Abstract 51: Nucleostemin Induced by Pim-1 Kinase Is Critical to Maintain Pluripotency and Enhance Regenerative Potential of Cardiac Progenitor Cells

Abstract

Myocardial regeneration and repair in response to injury are governed in part by cell survival, proliferation and pluripotency. Proliferation and survival in cardiac progenitor cells (CPCs) are mediated by Pim-1, a serine threonine kinase, and nucleostemin (NS), a nucleolar stress sensor protein. The role of NS in regulating CPC pluripotency and the molecular mechanism of NS induction and action is largely unknown.
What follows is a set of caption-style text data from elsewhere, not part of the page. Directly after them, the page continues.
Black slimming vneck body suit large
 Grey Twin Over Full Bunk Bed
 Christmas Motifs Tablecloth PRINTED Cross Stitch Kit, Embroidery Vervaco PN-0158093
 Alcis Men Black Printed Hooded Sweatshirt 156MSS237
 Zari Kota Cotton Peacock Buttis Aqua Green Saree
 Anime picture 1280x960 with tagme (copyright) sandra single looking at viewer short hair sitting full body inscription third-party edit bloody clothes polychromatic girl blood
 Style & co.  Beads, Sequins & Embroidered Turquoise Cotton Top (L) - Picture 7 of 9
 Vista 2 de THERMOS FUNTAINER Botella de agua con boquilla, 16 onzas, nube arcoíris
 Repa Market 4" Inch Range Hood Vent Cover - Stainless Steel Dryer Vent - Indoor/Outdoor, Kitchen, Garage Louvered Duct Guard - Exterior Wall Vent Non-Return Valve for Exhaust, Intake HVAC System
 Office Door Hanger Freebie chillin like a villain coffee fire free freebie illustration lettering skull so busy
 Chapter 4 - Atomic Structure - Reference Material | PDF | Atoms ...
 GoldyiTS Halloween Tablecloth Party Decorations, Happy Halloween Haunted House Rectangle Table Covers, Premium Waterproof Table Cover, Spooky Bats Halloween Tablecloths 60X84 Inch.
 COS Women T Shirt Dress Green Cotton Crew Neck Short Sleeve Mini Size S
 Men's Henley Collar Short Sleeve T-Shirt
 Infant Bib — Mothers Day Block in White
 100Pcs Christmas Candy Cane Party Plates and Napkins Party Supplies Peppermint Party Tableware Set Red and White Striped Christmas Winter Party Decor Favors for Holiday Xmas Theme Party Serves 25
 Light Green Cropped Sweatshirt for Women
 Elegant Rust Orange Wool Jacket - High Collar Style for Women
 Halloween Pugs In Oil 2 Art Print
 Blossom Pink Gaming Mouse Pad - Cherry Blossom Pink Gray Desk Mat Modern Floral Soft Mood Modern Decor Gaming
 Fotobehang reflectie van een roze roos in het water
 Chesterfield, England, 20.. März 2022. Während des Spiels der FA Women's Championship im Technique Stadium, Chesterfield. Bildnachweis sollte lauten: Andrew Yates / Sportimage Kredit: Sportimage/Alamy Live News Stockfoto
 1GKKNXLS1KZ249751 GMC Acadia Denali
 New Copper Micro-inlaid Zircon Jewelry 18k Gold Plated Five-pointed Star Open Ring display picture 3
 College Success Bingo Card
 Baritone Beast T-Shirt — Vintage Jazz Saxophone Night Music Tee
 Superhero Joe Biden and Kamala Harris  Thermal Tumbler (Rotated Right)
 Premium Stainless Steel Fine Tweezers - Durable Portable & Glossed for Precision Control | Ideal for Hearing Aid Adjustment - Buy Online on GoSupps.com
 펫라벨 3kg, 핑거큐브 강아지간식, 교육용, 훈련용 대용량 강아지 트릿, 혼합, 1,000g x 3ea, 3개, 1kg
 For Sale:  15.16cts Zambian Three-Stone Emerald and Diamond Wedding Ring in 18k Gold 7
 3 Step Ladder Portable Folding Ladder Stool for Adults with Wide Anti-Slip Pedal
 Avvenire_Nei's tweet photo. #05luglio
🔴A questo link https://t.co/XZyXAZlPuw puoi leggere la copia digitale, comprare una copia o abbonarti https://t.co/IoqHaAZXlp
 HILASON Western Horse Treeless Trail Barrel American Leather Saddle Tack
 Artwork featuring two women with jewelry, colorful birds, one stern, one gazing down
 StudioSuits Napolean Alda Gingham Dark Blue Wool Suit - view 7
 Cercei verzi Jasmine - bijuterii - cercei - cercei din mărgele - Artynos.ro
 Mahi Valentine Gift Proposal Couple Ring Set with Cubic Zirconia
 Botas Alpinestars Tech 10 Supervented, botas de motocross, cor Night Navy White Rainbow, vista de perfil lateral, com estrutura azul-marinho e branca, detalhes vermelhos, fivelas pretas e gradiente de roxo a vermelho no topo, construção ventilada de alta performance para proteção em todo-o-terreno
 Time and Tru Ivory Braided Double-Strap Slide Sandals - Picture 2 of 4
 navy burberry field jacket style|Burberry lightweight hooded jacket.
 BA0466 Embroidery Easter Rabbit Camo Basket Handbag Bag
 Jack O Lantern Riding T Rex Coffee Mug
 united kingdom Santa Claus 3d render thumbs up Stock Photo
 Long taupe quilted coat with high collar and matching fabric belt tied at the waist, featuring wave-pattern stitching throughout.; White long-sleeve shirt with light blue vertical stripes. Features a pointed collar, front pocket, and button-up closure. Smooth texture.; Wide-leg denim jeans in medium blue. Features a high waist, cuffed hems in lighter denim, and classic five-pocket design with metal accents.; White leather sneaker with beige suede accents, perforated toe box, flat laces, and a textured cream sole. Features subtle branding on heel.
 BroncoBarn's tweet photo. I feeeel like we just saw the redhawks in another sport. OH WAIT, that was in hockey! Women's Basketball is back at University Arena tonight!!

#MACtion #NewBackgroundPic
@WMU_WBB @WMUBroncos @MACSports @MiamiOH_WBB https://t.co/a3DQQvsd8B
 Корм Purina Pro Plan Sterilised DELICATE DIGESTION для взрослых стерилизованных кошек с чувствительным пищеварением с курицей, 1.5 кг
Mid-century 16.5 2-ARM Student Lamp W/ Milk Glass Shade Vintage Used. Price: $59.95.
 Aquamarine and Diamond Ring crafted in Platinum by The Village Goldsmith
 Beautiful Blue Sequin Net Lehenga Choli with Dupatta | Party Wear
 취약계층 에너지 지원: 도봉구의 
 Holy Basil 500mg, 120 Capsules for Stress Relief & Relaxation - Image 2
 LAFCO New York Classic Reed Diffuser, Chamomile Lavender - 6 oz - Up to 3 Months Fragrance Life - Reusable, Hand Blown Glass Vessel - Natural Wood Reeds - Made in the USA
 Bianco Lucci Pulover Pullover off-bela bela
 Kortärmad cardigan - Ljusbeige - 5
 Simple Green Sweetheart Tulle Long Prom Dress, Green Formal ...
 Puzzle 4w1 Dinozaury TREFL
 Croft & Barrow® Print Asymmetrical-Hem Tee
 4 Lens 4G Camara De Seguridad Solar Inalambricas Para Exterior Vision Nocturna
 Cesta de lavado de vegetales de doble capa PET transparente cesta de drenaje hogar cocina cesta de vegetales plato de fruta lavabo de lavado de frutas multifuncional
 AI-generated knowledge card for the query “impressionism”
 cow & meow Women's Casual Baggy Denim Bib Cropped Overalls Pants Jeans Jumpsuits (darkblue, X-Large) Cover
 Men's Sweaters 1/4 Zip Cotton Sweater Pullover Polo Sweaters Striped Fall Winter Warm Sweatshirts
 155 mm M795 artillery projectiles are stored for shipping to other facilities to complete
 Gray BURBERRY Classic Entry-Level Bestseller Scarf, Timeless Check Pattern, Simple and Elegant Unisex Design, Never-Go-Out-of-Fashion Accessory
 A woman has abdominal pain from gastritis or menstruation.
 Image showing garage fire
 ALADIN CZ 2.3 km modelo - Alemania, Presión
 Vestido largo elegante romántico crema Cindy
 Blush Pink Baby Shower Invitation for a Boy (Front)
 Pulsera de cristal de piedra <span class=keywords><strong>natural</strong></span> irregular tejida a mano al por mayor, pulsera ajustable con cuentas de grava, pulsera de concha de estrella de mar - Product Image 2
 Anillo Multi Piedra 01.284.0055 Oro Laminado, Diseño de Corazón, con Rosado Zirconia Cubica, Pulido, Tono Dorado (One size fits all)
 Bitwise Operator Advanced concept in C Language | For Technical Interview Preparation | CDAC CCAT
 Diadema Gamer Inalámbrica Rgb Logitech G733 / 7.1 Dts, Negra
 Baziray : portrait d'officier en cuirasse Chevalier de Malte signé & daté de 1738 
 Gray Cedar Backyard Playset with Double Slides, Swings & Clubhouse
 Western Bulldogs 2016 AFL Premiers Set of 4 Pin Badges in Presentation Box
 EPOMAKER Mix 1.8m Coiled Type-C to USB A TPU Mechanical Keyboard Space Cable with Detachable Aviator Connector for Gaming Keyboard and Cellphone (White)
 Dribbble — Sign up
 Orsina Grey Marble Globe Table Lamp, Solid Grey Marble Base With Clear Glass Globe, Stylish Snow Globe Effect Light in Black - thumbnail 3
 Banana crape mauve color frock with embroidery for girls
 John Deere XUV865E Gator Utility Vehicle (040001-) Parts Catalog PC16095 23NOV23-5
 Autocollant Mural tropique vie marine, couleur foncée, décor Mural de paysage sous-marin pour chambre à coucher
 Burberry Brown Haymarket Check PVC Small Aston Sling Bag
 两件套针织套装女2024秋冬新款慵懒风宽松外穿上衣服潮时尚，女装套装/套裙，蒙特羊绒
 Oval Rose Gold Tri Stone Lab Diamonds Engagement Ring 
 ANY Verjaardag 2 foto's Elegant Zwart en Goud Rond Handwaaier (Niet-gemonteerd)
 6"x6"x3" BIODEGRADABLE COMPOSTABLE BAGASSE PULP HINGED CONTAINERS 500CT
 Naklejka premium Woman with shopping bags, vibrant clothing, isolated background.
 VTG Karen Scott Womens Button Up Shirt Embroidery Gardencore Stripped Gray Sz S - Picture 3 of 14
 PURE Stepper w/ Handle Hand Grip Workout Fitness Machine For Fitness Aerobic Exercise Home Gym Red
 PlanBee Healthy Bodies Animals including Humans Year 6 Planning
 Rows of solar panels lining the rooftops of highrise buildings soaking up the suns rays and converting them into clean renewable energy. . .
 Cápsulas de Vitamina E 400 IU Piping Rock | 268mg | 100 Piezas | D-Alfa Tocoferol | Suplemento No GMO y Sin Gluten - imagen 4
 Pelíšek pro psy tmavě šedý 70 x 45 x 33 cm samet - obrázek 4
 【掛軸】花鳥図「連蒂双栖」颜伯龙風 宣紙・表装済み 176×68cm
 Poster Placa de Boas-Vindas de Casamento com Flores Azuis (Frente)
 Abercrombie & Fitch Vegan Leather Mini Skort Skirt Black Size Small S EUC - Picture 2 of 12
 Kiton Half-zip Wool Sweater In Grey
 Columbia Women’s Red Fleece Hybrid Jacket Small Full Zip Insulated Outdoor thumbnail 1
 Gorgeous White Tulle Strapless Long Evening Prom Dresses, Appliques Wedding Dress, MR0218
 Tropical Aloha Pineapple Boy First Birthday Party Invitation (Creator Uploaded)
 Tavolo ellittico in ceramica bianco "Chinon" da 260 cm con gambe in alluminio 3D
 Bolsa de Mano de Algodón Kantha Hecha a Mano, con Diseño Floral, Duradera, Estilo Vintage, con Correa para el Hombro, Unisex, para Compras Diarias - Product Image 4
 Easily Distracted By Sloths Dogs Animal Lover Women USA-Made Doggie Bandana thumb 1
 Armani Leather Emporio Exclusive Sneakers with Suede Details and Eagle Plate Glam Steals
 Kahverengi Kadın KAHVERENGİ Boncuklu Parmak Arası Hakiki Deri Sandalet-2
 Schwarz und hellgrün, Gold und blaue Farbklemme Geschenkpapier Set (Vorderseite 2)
The hypothesis of the study is that NS, induced by Pim-1 mediated stabilization of transcription factor c-Myc is critical to maintain CPC pluripotency and inhibits senescence. NS and c-Myc protein levels are increased in cultured CPCs overexpressing Pim-1 (3.1 and 5.5 fold, p<0.01) while knockdown of Pim-1 using sh-RNA decreases c-Myc and NS expression (-60%, -54%, p<0.05), similar to effects mediated by a Pim-1 kinase inhibitor (p<0.01), indicating that Pim-1 regulates both c-Myc and NS. c-Myc is necessary and sufficient for NS regulation, as indicated by the increase (3.1 fold, p<0.01) and decrease (-60.2%, p<0.01) in NS expression upon lentiviral mediated over-expression or knockdown of c-Myc, respectively. Regulation of NS promoter by c-Myc is evident from loss of GFP expression and fluorescence following knock down of c-Myc in CPCs isolated from transgenic mice expressing eGFP driven by the NS promoter. The role of NS in regulating CPC pluripotency is determined by silencing NS. Change in morphology (flat, round cells vs spindle shape control CPCs), decreased expression of stem cell marker c-Kit (-55%, p<0.05), up-regulation of cell cycle inhibitors p53 and p16 (4.2, 3.8 fold, p<0.01) and decreased proliferation (p<0.05) result from loss of NS in CPCs, suggestive of increased senescence and loss of pluripotency. NS-mediated regulation of CPC senescence is p53 dependent, as silencing p53 reverses CPC morphology and pluripotency lost by NS depletion. In conclusion, NS which is induced downstream of Pim-1 kinase maintains pluripotency and enhances regenerative potential in CPCs. These findings are consistent with cumulative evidence that Pim-1 induced cardiac regeneration is mediated in part by NS, providing an additional mechanistic basis for benefits of genetic engineering with Pim-1 to enhance NS expression in cardiac stem cells.